We're free software, not open source. We don't always agree with OSI.

But that's irrelevant. Clause 3 is nothing like the comparable clause
in the IBM Public License, and is entirely unacceptable.

 3.  If User breaches any term of this license or commences an
 infringement action against any copyright holder then the User's
 license and all sublicenses that have been granted hereunder by User to
 other parties shall terminate.

The breach of license stuff is harmless, I think (and a no-op,
because that's implicit in the nature of licenses).

The part where it says that commencing any legal action against any
copyright holder terminates the license is no good. You are presumably
comparing it to the patent license termination clause in the IBM
Public License, but that's not the same at all.

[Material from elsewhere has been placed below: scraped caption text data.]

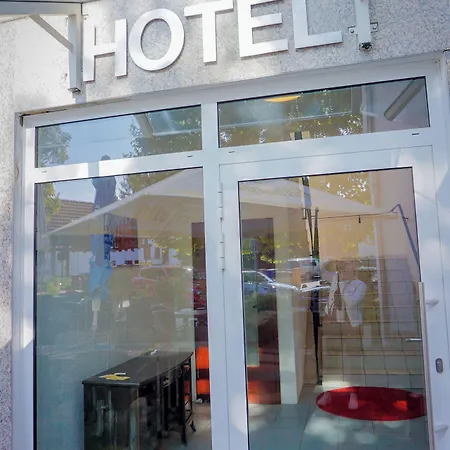 Zur Schlemmerscheune Hotel Weilerbach
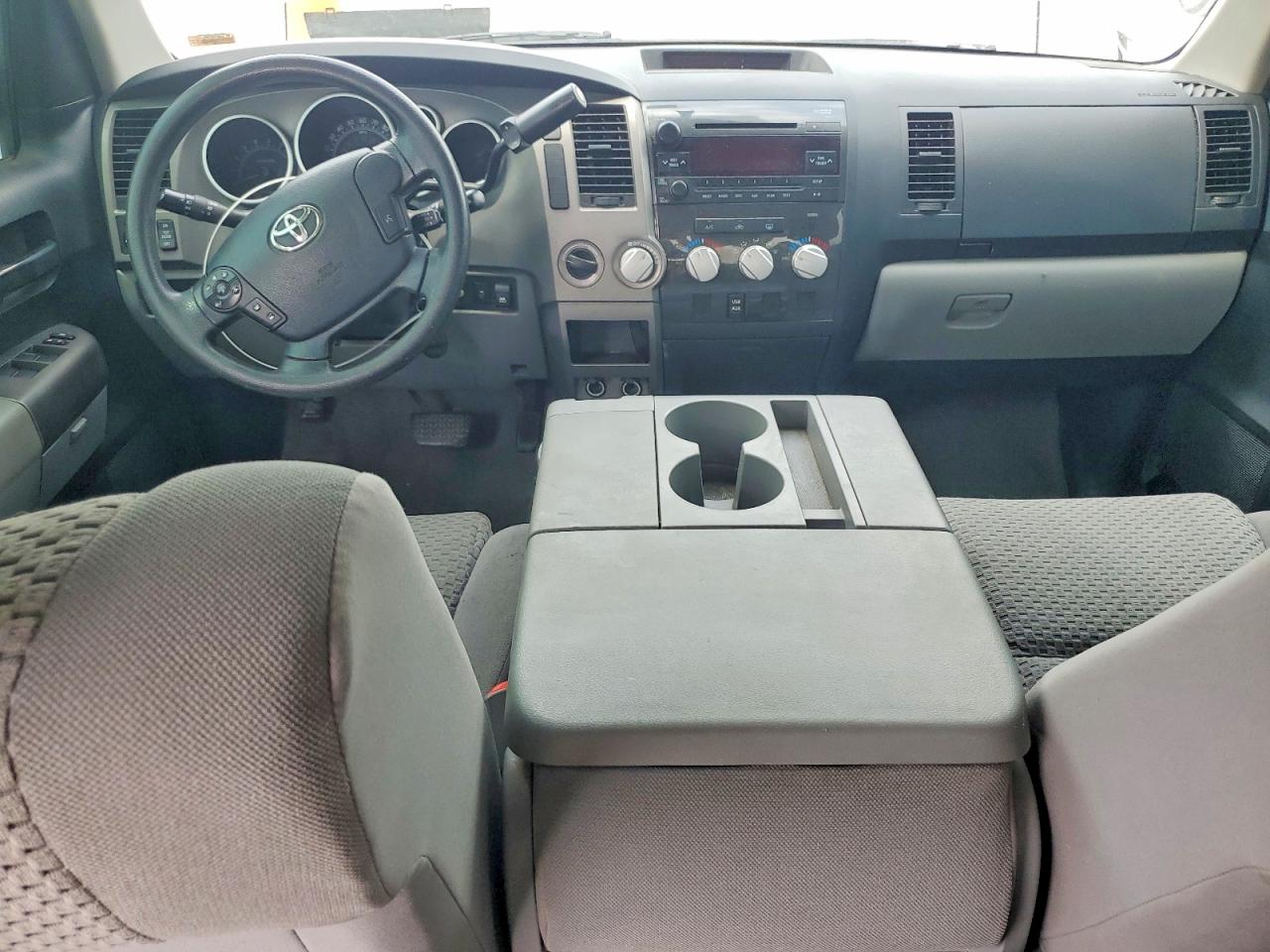 Toyota Tundra Crewmax Sr5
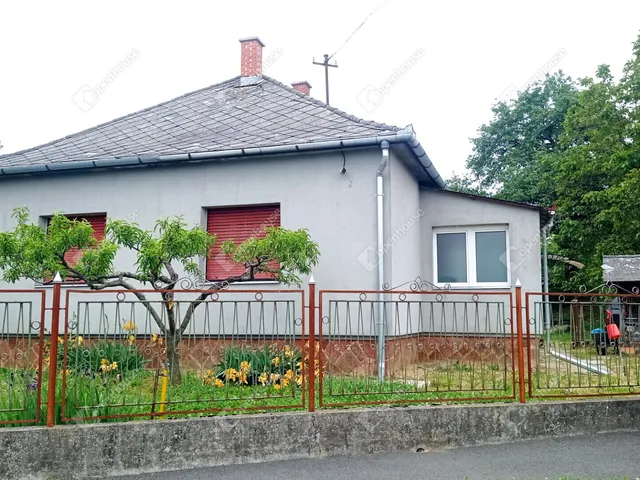 Eladó ház Csonkahegyhát 75 nm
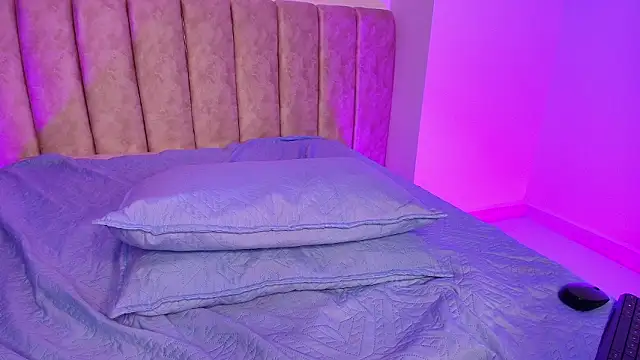 agath_69 Adlı Modelin Canlı XXX Sohbeti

The IBM Public License says this:

If Recipient institutes patent litigation against a Contributor with
respect to a patent applicable to software (including a cross-claim or
counterclaim in a lawsuit), then any patent licenses granted by that
Contributor to such Recipient under this Agreement shall terminate as
of the date such litigation is filed. In addition, if Recipient
institutes patent litigation against any entity (including a
cross-claim or counterclaim in a lawsuit) alleging that the Program
itself (excluding combinations of the Program with other software or
hardware) infringes such Recipient's patent(s), then such Recipient's
rights granted under Section 2(b) shall terminate as of the date such
litigation is filed.

This says, approximately, that if you sue somebody for *patent*
infringement then your *patent* license is revoked (section 2(b) is a
patent license for the covered work). Your copyright license is
unaffected. In addition, there are usually no applicable patents[0],
so the clauses are no-ops anyway and therefore harmless.

The copyright license itself is unaffected by any patent lawsuits you
may care to bring.

Software must be freely distributed, not rented in exchange for a
promise not to file lawsuits. Revocation clauses which take the form
If you bring a lawsuit against us, you may no longer use our
software are not acceptable. The IBM Public License is usually
acceptable because it usually doesn't mean that. The proposed JasPer
license does mean that, and so is no good.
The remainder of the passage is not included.